From: Otto Stolz (Otto.Stolz@uni-konstanz.de)
Date: Thu May 24 2007 - 11:12:48 CDT
Hello Agnieszka Kasprzyk,
Jukka K. Korpela schrieb:
> Canonical equivalence is not the same as identity.
...
> For example, [...] a program often uses a particular glyph for a
> precomposed character but handles a decomposed form by displaying the
> base character and positioning the diacritic somehow (generally with
> poorer results than the precomposed glyph).

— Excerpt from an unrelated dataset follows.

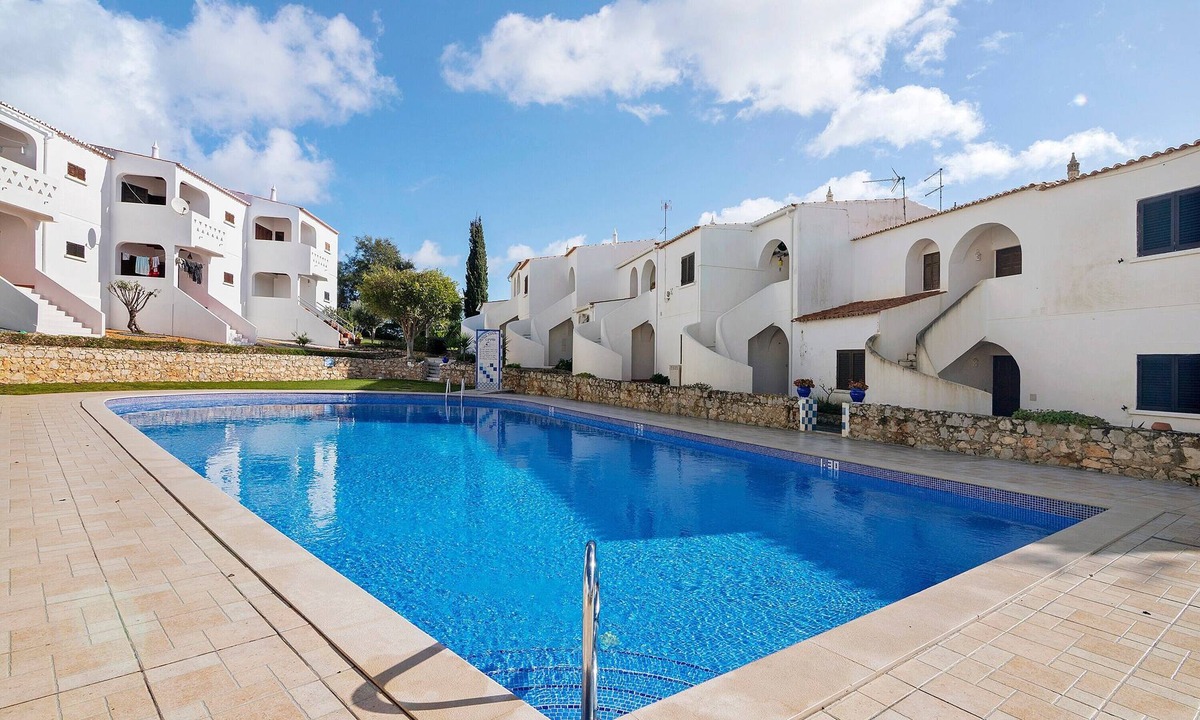 Alporchinhos Apartment | Apartment 'Moradia Das Gaivotas 6, Com Piscina' with Shared Pool, Shared Garden and Balcony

For your application, the real problems lurk in searching, comparing,
and sorting operations. I guess, a less than optimally placed diacritic
in a library catalogue would mostly go unnoticed.
Bottom line:
- Either make sure that your software indeed treats canonical equivalent
sequences as equivalent, in the operations outlined supra;
- or standardize your input on one of the equivalent patterns.
> It seems natural to use the form
> b) letter t/s with dot below (U+1E6D/U+1E63)+ combining dot above (U+0307)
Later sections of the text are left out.